Umso frappierender scheint, dass viele Slowaken das Geschehen rund um Fukushima offenbar weniger berührt als die Folgen des Tsunami. In den Nachrichten spielt das technische Desaster kaum eine Rolle, auch wenn sich etwa bei der Slowakischen Nukleargesellschaft detaillierte und zeitnahe Informationen abrufen lassen. Und kaum jemand scheint offizielle Aussagen zu hinterfragen, wonach hiesige Atommeiler auch bei Erdbeben der Stärke 7 nicht beschädigt würden oder es kein Problem wäre, wenn über den Reaktoren mehrere Flugzeuge abstürzten - zumal in Medien durchgängig Befürworter der Kernkraft zu Wort kommen.
So wirken viele Slowaken keineswegs beunruhigt, wenn sie auf die Kernkraftwerke im eigenen Land angesprochen werden, egal ob sie in Bratislava wohnen oder in Trnava, 60 und 15 Kilometer vom AKW Jaslovske Bohunice entfernt. Zweifel äußern höchstens junge Menschen. "Nicht wir, sondern die Japaner haben ein Problem, das man lösen muss, und sie tun ihr Bestes. Wirklich schlimm wäre, wenn sie das nicht versuchen würden", konstatiert etwa ein älterer Mann.
"Angst hätte ich, wenn sich unser Land seit Tschernobyl nicht total verändert hätte, damals konnte man nichts glauben", sagt eine Frau, deren Vater infolge der Reaktorkatastrophe an "Blitzleukämie" starb, was offiziell "plötzliches Organversagen" hieß.
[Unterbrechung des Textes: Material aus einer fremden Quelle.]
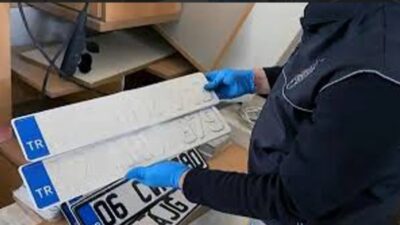 Van'da Tuşba ilçesinde sahte plaka basıp sattıkları tespit edilen 4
"Wir müssen endlich grundlegend über den Stellenwert der Natur nachdenken. Es kann nicht sein, dass uns nur Horrormeldungen erreichen", meint hingegen eine Studentin. "Jedes Jahr ist unser halbes Land überschwemmt, aber das erscheint schon wie ein Normalzustand, dessen Ursachen man nicht ergründen muss."